» **Provided records**:

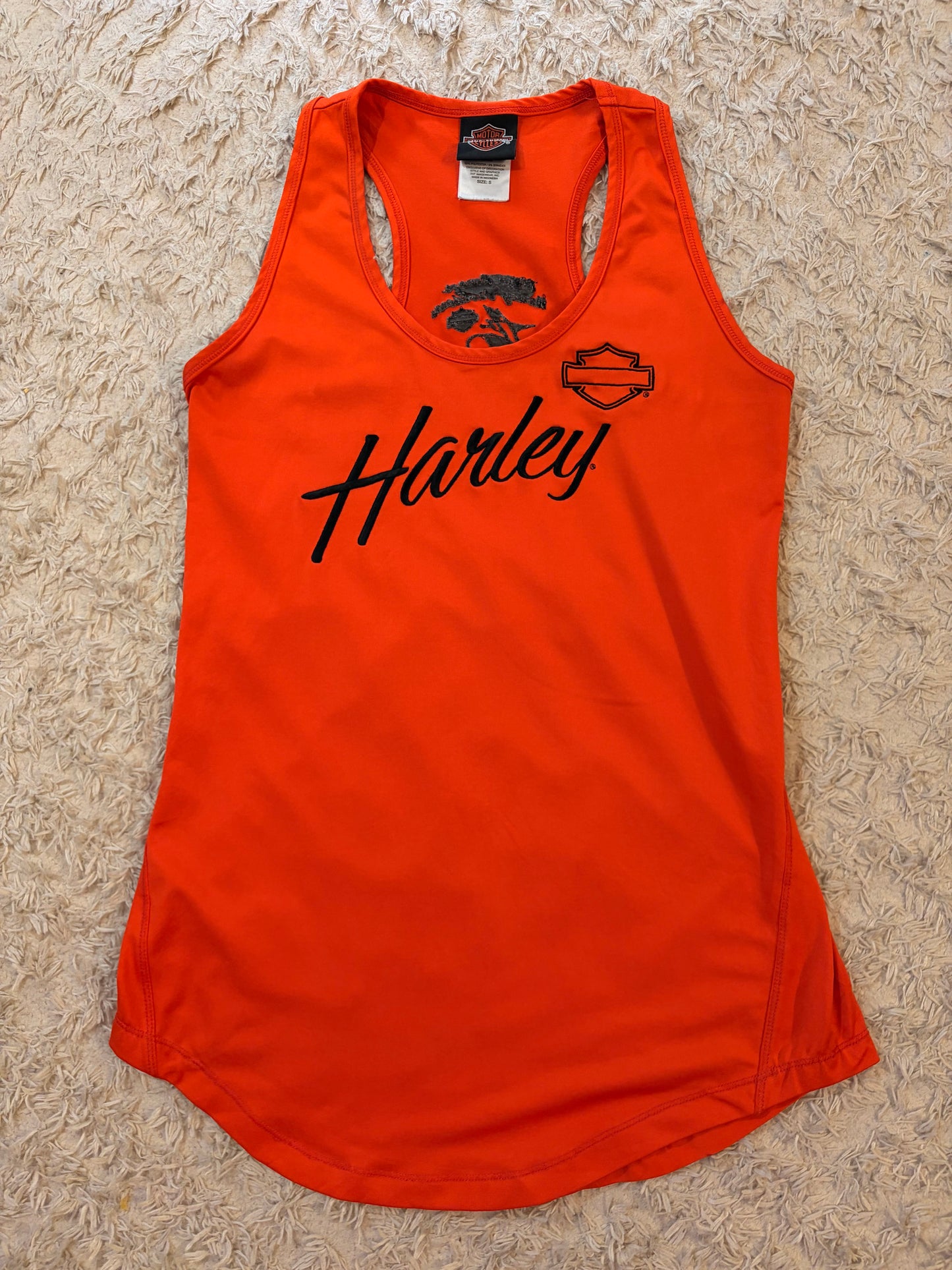 Débardeur Harley-Davidson Ridge Runner Chattanooga Tennessee Dos Nageur Racerback Orange Vif Brodé Cursive Noire 92% Polyester – Femme – Taille S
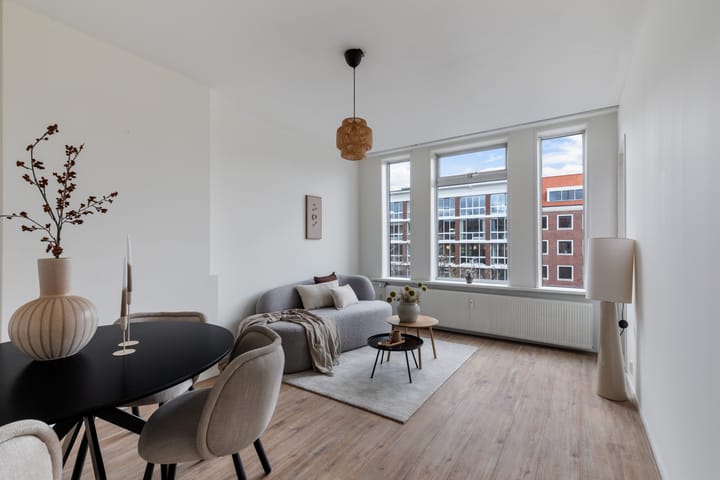 Herman Robbersstraat 72E in Rotterdam foto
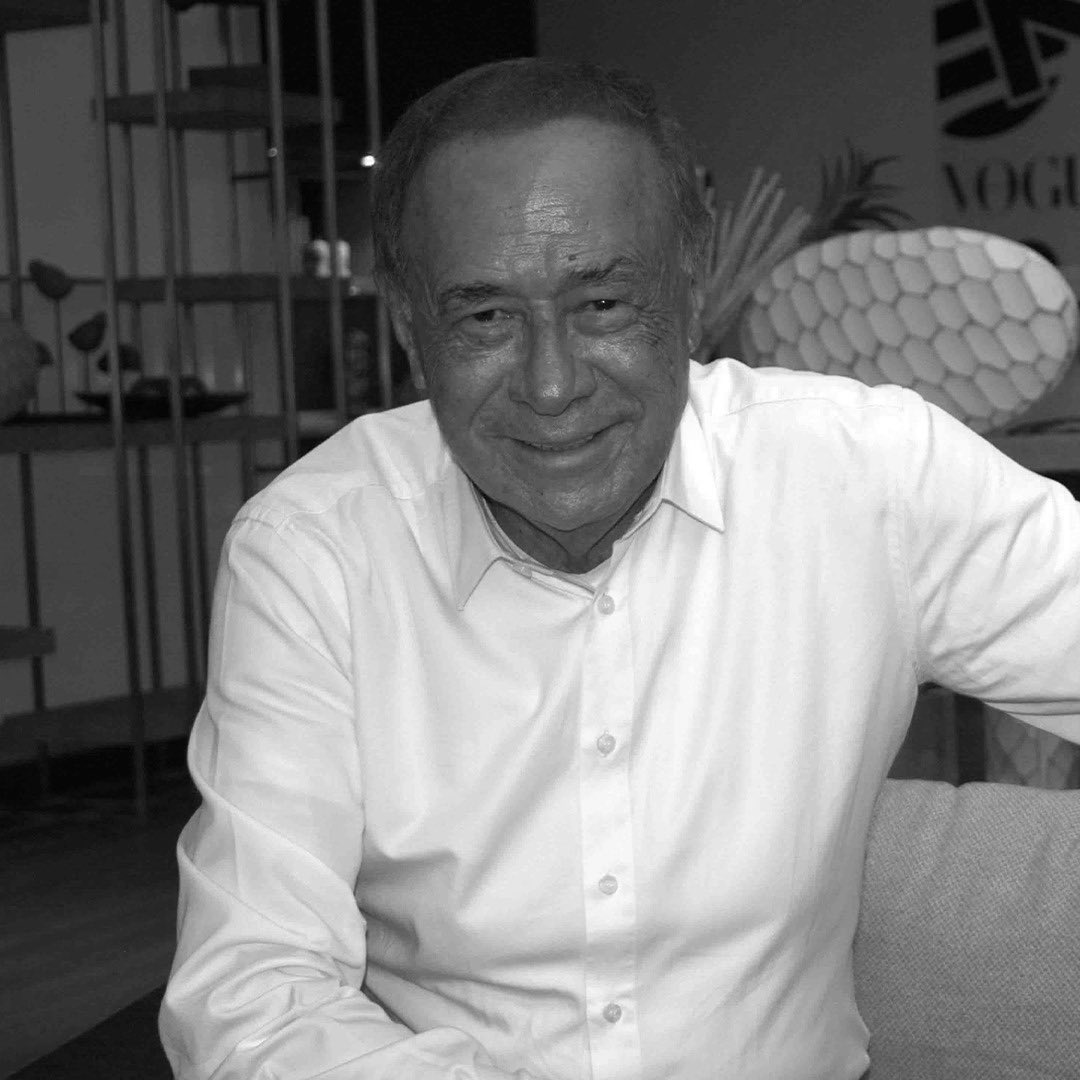 DogusYayinGrubu's tweet photo. Acı kaybımız

NTV Editörü, Yüksek Meteoroloji Mühendisi, Müzisyen Gökhan Abur ağabeyimizi kaybetmenin derin üzüntüsü içerisindeyiz.

Merhuma Allah’tan rahmet; kederli ailesine, sevenlerine ve tüm Doğuş Yayın Grubu çalışanlarına başsağlığı dileriz. https://t.co/xgcqi3hGxH
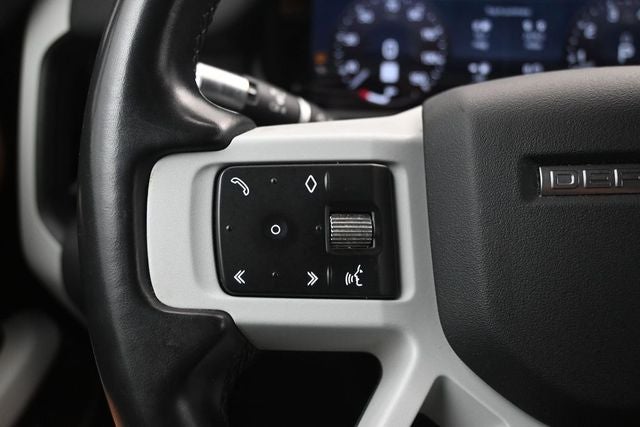 2020 Land Rover Defender 110 SE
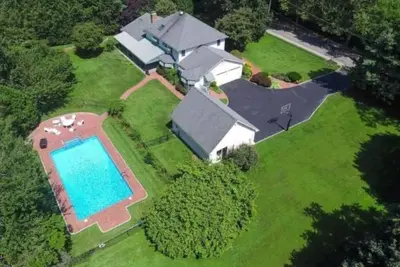 Image de Long Island Estate with Heated Pool 1 Hr from Manhattan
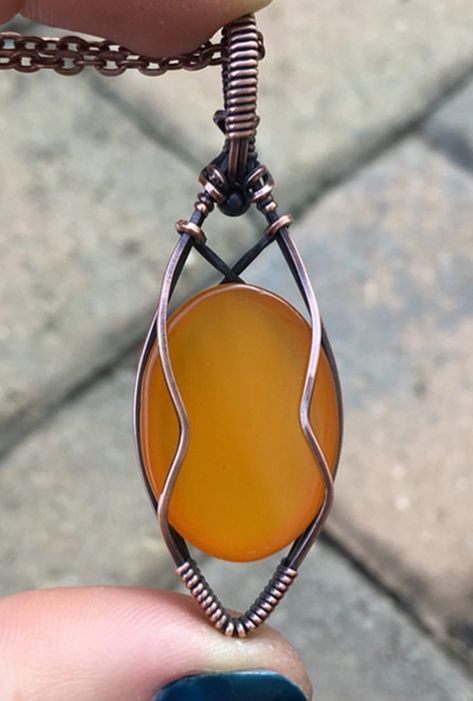 Small Wire Wrapped Pendant, Wire Wrapping Diy, Wire Wrapped Stone Jewelry, Wire Wrap Jewelry Designs, Wire Jewelry Making, Diy Jewelry Projects, Wire Wrapped Jewelry Diy, Wire Wrapped Jewelry Tutorials, Wrap Necklaces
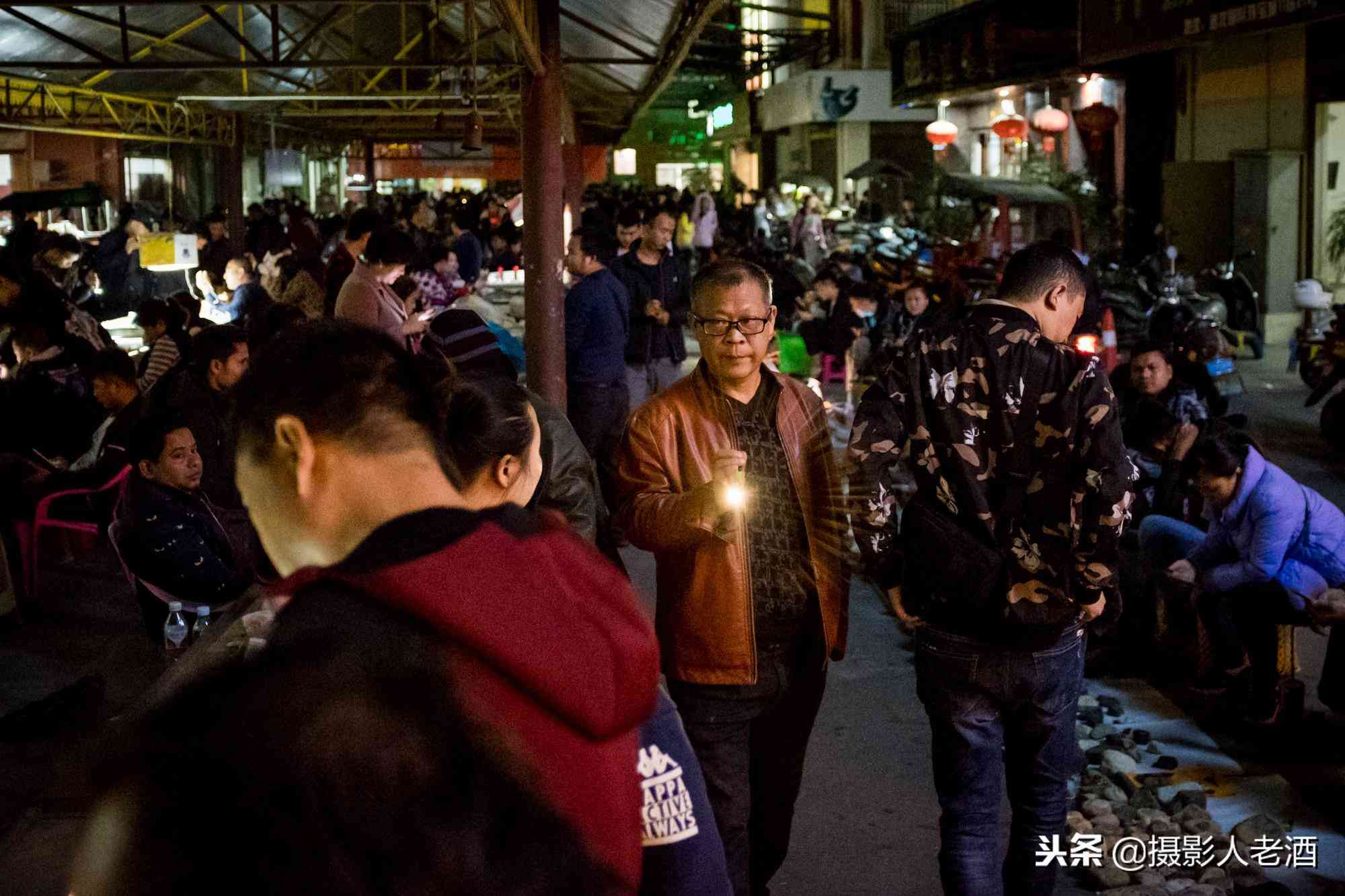 实拍云南瑞丽赌石基地:卖石头的有一半是缅甸人,随便一块几万块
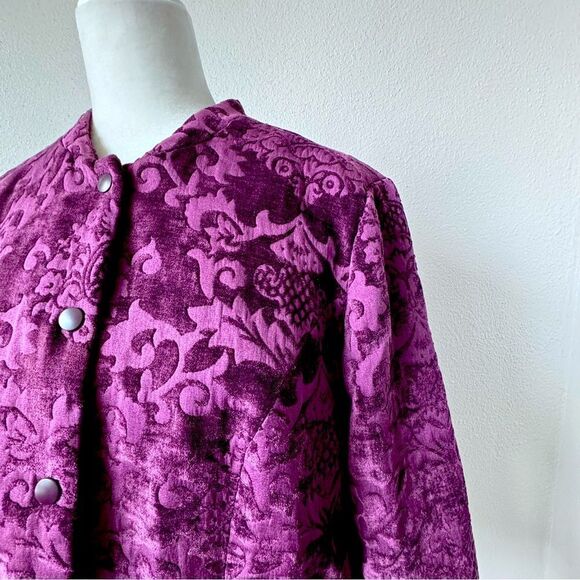 Isaac Mizrahi Live Velvet Scroll Jacquard Snap Front Jacket QVC - Picture 12 of 15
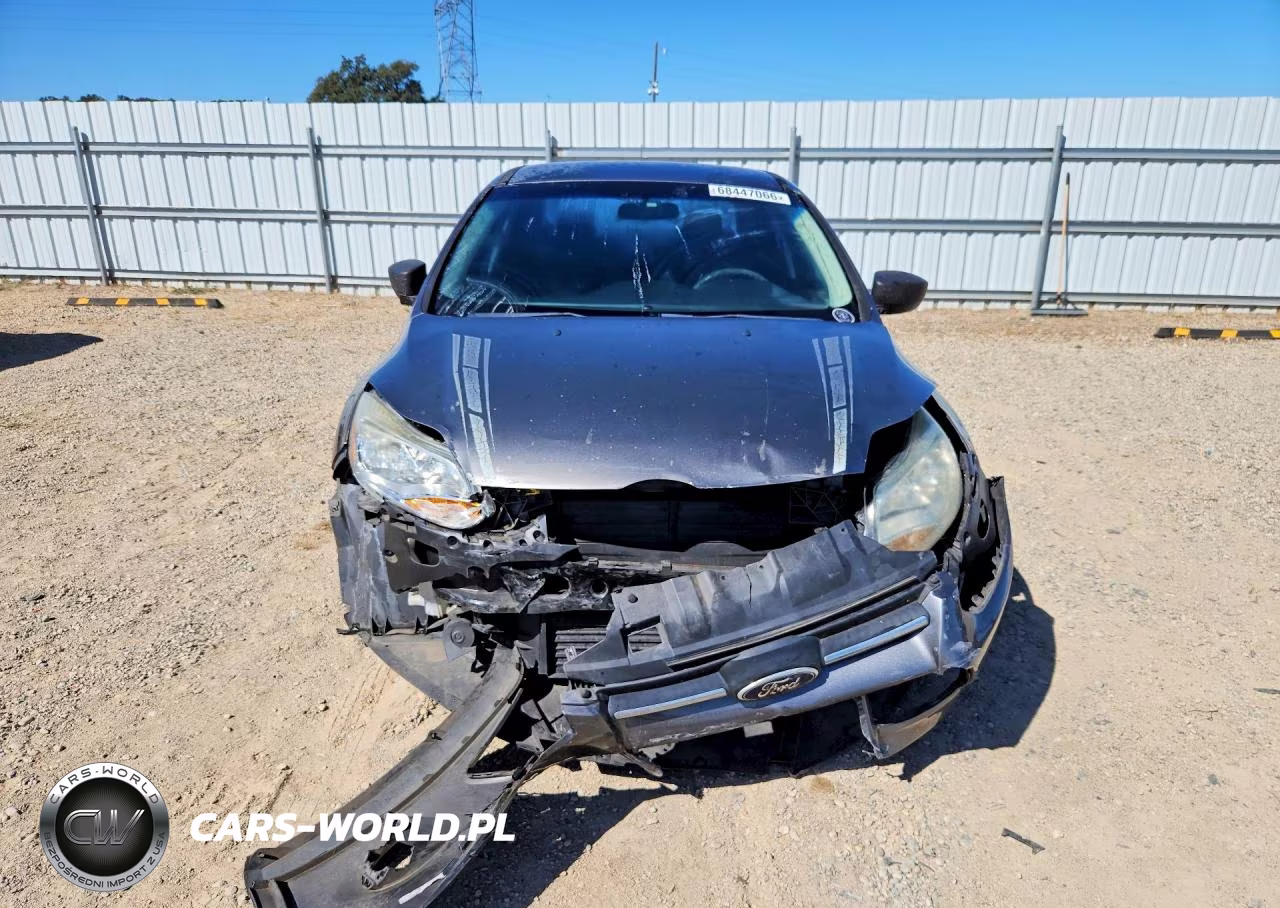 2012 Ford Focus S VIN:1FAHP3E28CL435027 - 5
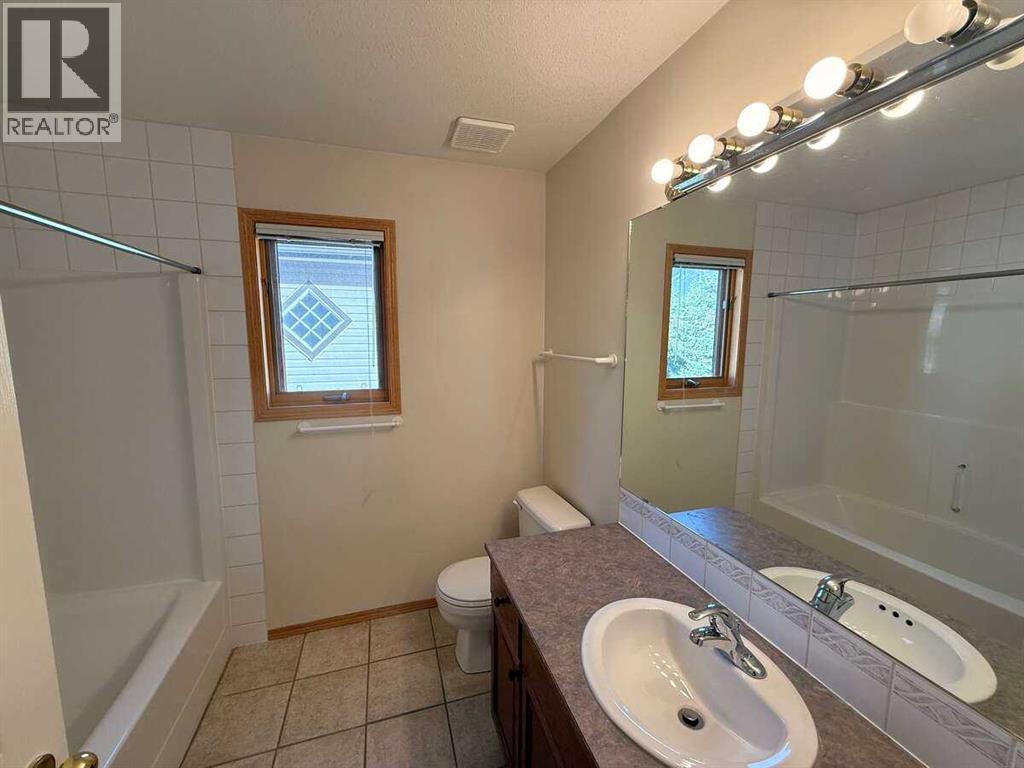 2 Terrace Place, Canmore, Alberta  T1W 2Y3 - Photo 17 - A2309821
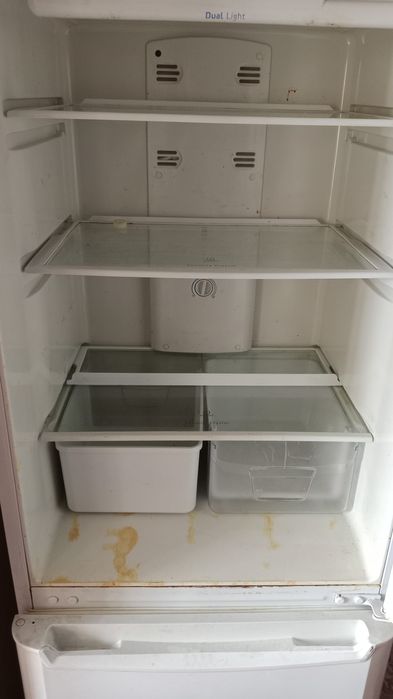 Продам холодильник Indesit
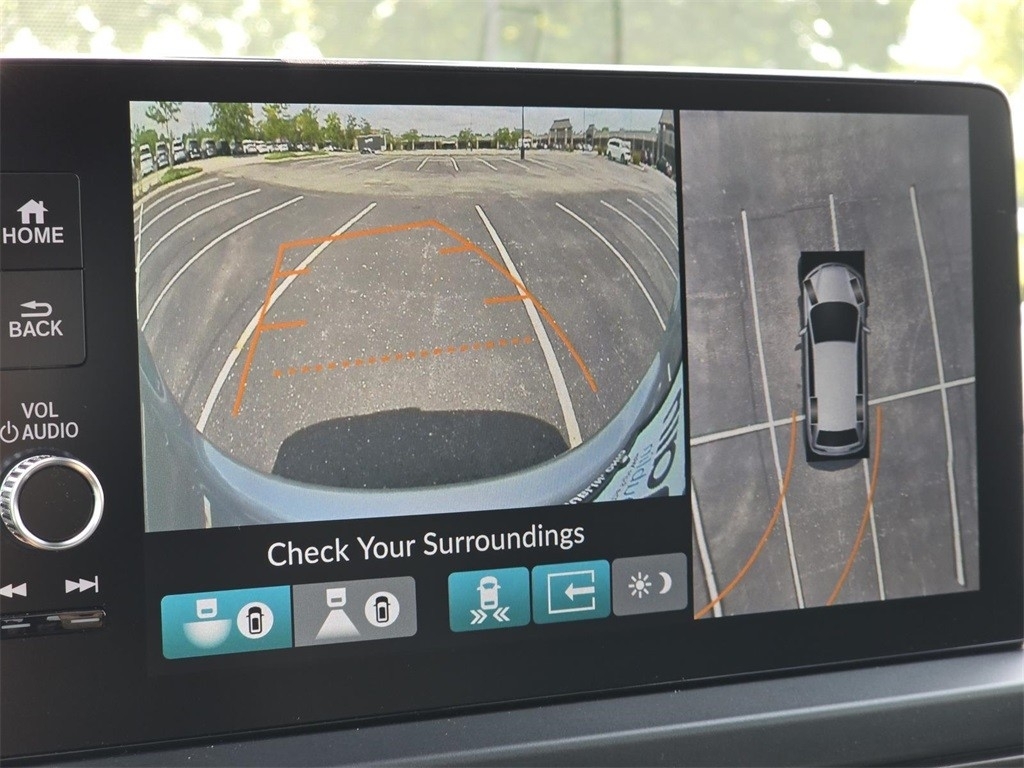 2025 Honda Pilot TrailSport photo 4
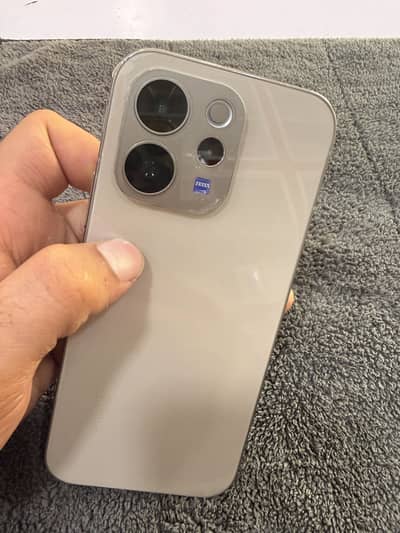 Vivo v70 12GB RAM 512GB STORAGE | 10/10 condition | Full power device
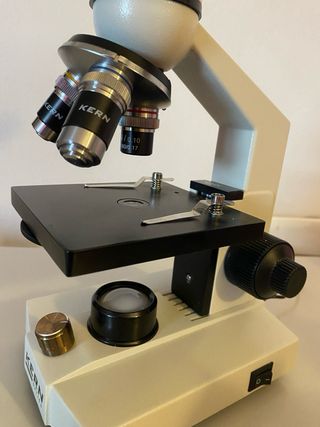 Microscopio casi nuevo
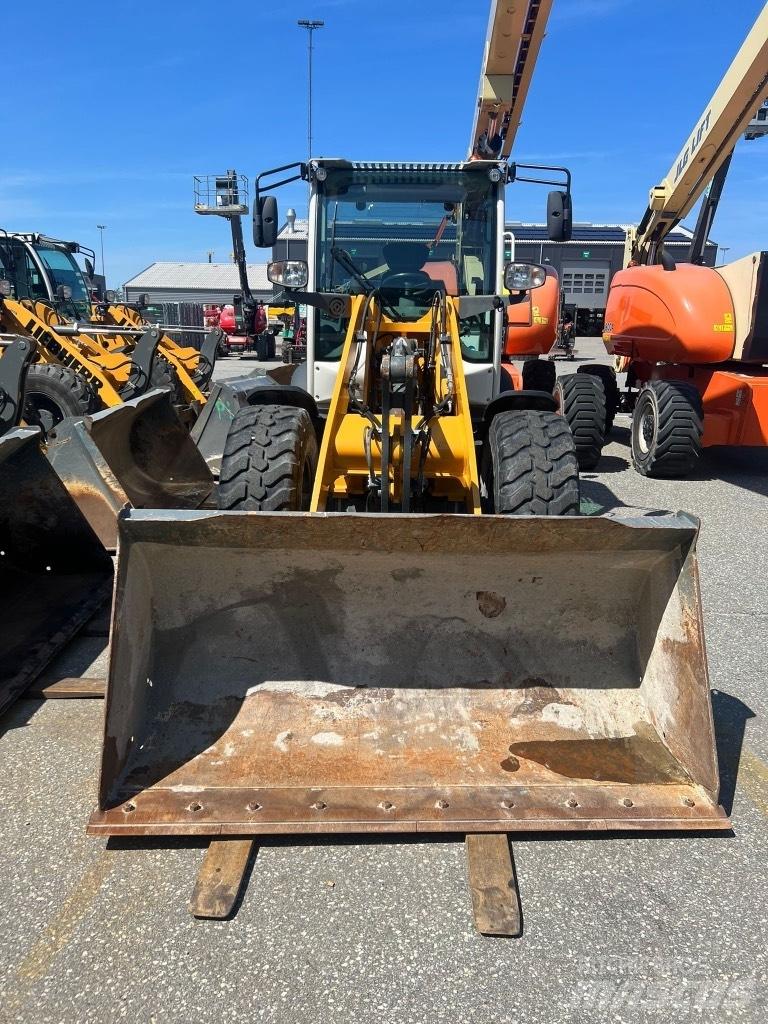 Liebherr L 506 Kolesni nakladalci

» **Task goal**:
Should a record include a picture, omit it from your copy and return the rest unchanged.

» **Answer**:
 Débardeur Harley-Davidson Ridge Runner Chattanooga Tennessee Dos Nageur Racerback Orange Vif Brodé Cursive Noire 92% Polyester – Femme – Taille S
 Herman Robbersstraat 72E in Rotterdam foto
 DogusYayinGrubu's tweet photo. Acı kaybımız

NTV Editörü, Yüksek Meteoroloji Mühendisi, Müzisyen Gökhan Abur ağabeyimizi kaybetmenin derin üzüntüsü içerisindeyiz.

Merhuma Allah’tan rahmet; kederli ailesine, sevenlerine ve tüm Doğuş Yayın Grubu çalışanlarına başsağlığı dileriz. https://t.co/xgcqi3hGxH
 2020 Land Rover Defender 110 SE
 Image de Long Island Estate with Heated Pool 1 Hr from Manhattan
 Small Wire Wrapped Pendant, Wire Wrapping Diy, Wire Wrapped Stone Jewelry, Wire Wrap Jewelry Designs, Wire Jewelry Making, Diy Jewelry Projects, Wire Wrapped Jewelry Diy, Wire Wrapped Jewelry Tutorials, Wrap Necklaces
 实拍云南瑞丽赌石基地:卖石头的有一半是缅甸人,随便一块几万块
 Isaac Mizrahi Live Velvet Scroll Jacquard Snap Front Jacket QVC - Picture 12 of 15
 2012 Ford Focus S VIN:1FAHP3E28CL435027 - 5
 2 Terrace Place, Canmore, Alberta  T1W 2Y3 - Photo 17 - A2309821
 Продам холодильник Indesit
 2025 Honda Pilot TrailSport photo 4
 Vivo v70 12GB RAM 512GB STORAGE | 10/10 condition | Full power device
 Microscopio casi nuevo
 Liebherr L 506 Kolesni nakladalci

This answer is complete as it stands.